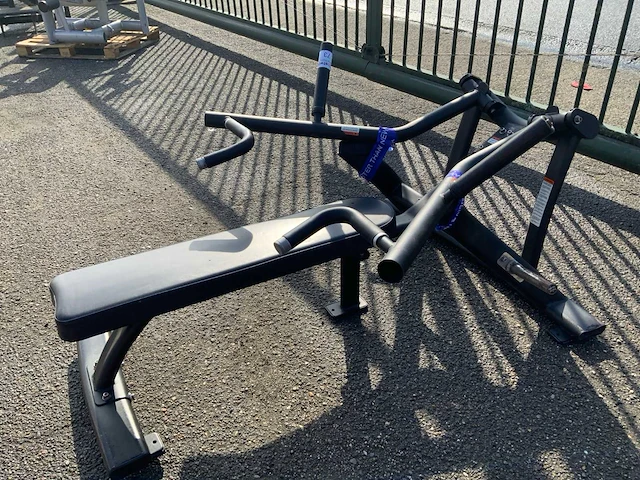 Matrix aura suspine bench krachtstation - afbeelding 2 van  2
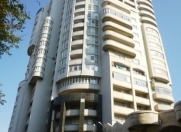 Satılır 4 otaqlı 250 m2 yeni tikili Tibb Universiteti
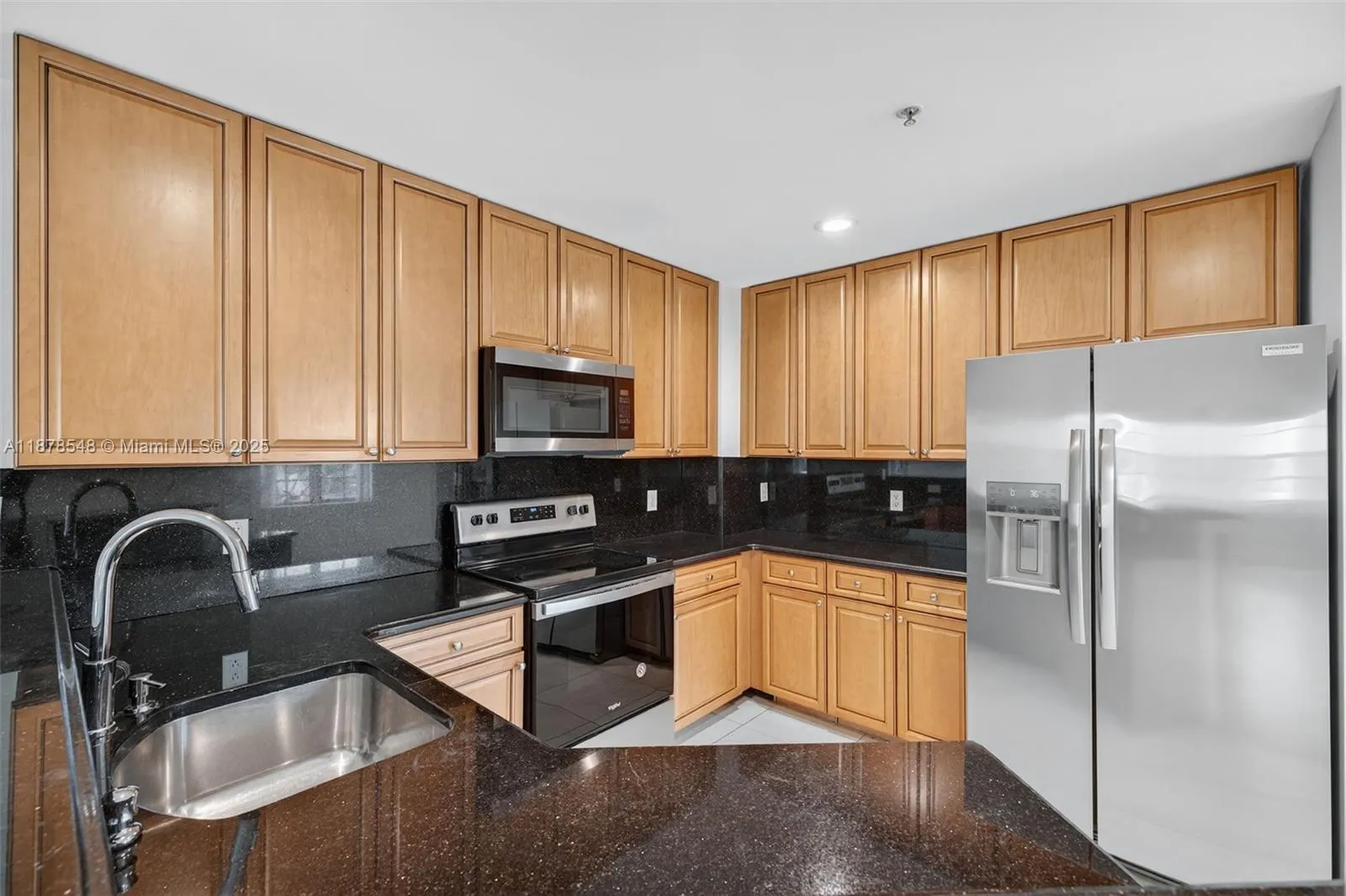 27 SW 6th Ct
---
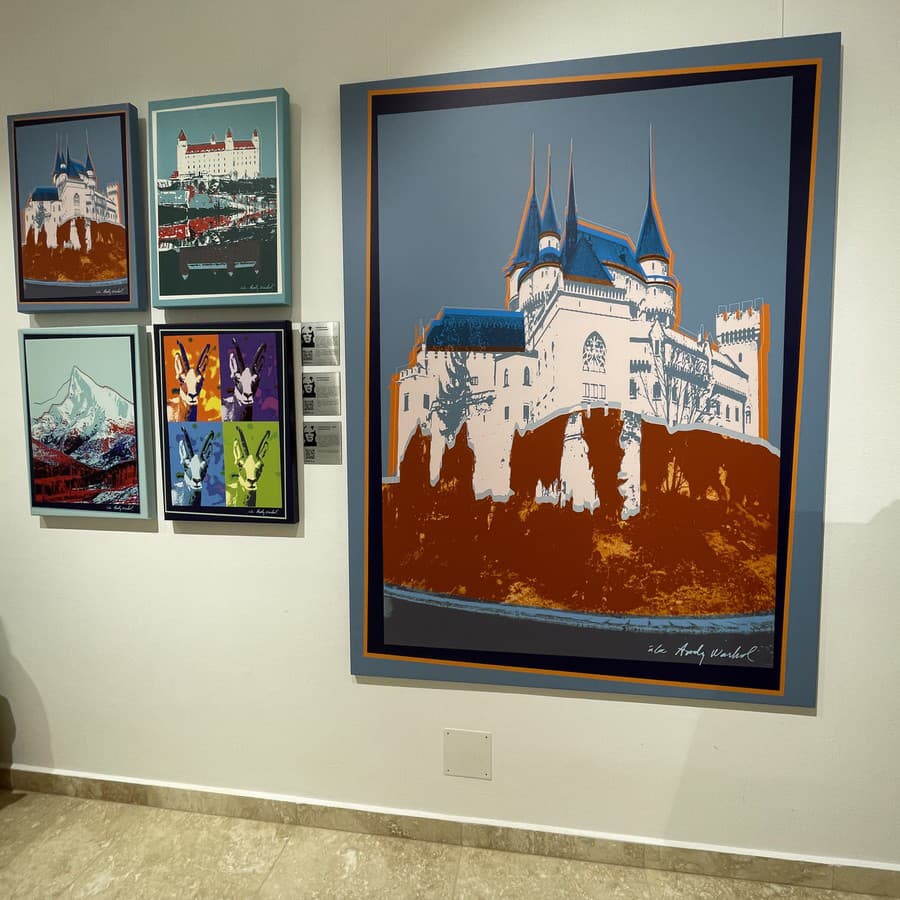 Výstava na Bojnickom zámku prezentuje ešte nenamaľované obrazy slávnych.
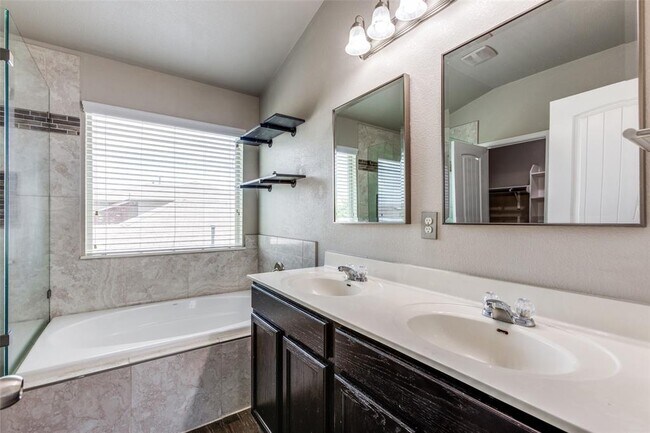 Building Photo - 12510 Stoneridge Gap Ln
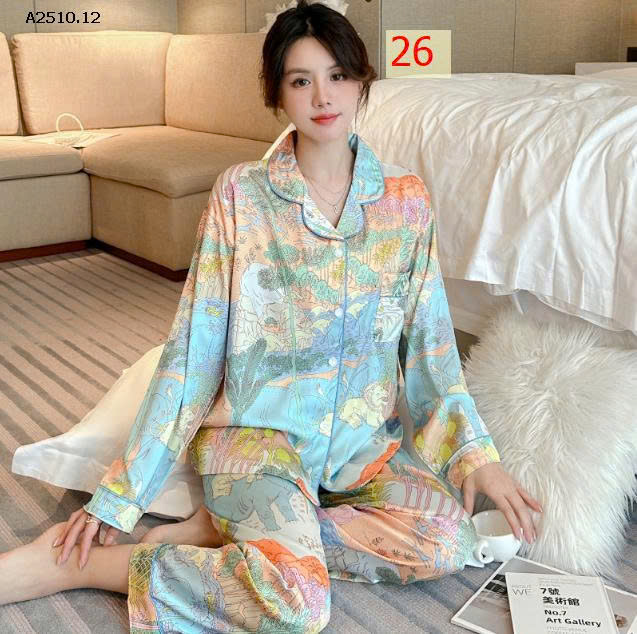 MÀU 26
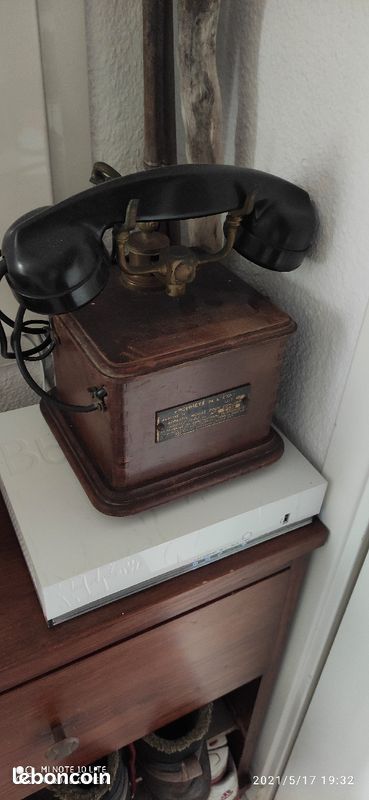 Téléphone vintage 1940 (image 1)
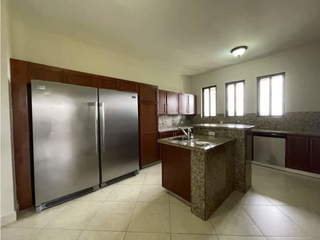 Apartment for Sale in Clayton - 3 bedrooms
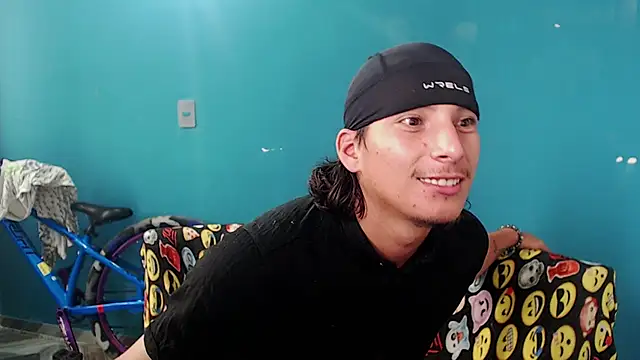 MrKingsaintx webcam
...
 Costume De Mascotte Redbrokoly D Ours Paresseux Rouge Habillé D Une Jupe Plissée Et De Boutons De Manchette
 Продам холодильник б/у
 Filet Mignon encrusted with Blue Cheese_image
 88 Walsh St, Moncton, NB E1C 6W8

What you should do: Exactly the lines starting at the one above with "Matrix aura suspine" and ending at the one with "27 SW 6th Ct" should be printed, and nothing else. Omit the pictures.

Worked solution:
 Matrix aura suspine bench krachtstation - afbeelding 2 van  2
 Satılır 4 otaqlı 250 m2 yeni tikili Tibb Universiteti
 27 SW 6th Ct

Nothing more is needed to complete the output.